Personal laws are indeed what define the identity of any community, distinguishing it from another through their traditions, customs and rituals. It is, therefore, not surprising that the Muslim community has long been fending off any outside interference in their personal laws or the imposition of the Uniform Civil Code (UCC)—for if it does accept it, it would lose the character that distinguishes it from the majority. In the absence of personal laws, a UCC would most definitely be defined by majoritarian values, and to strong-arm the minority into a majority mould would indeed be against the secular nature that has held India together.
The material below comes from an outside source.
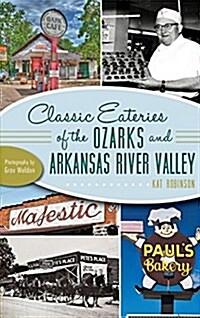 Classic Eateries of the Ozarks and Arkansas River Valley (Hardcover)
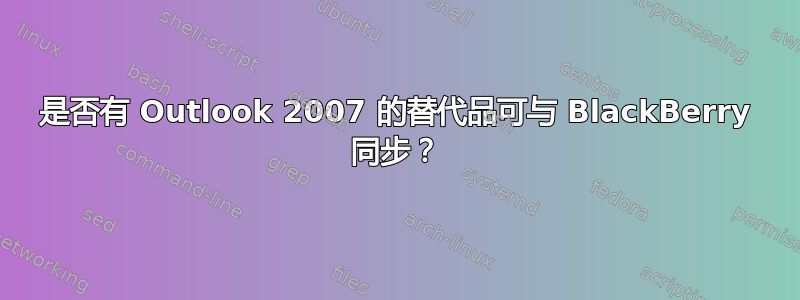 是否有 Outlook 2007 的替代品可与 BlackBerry 同步？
India will neither be fully secure nor achieve its full economic potential as long as a fifth of its population lives under constant fear of cultural and religious aggression.

Is there a way forward?

How should India, therefore, reconcile its existential need to remain secular and fulfil its moral and legal duty to assuage the suffering of Muslim women?

India must rid its Muslims of the fear of reform from without, in order for them to reform from within.

The plurality within Islamic jurisprudence over the issue of triple talaq and the ongoing deliberation through ijtihad within the community is testimony that Indian Muslims, like Muslims elsewhere in the world, are capable of reforming from within.

India must rid its Muslims of the fear of reform from without, in order for them to reform from within. In this regard, the only step that the State can and must take is to compel the community, especially the Ulema to codify what is Islamic. For unless they codify their personal law, neither will the community proceed towards reform—free from fear of the majority—nor will the Muslim woman be freed from the discretion of the judges and the Ulemas. A bottom-up reform from within the community through ijtihad would truly transform the social position of the Muslim woman within her society, rather than a top-down reform from the State which would remain symbolic and limited. The inevitability of gradualness, unfortunately, will be the bitter pill we all have to swallow!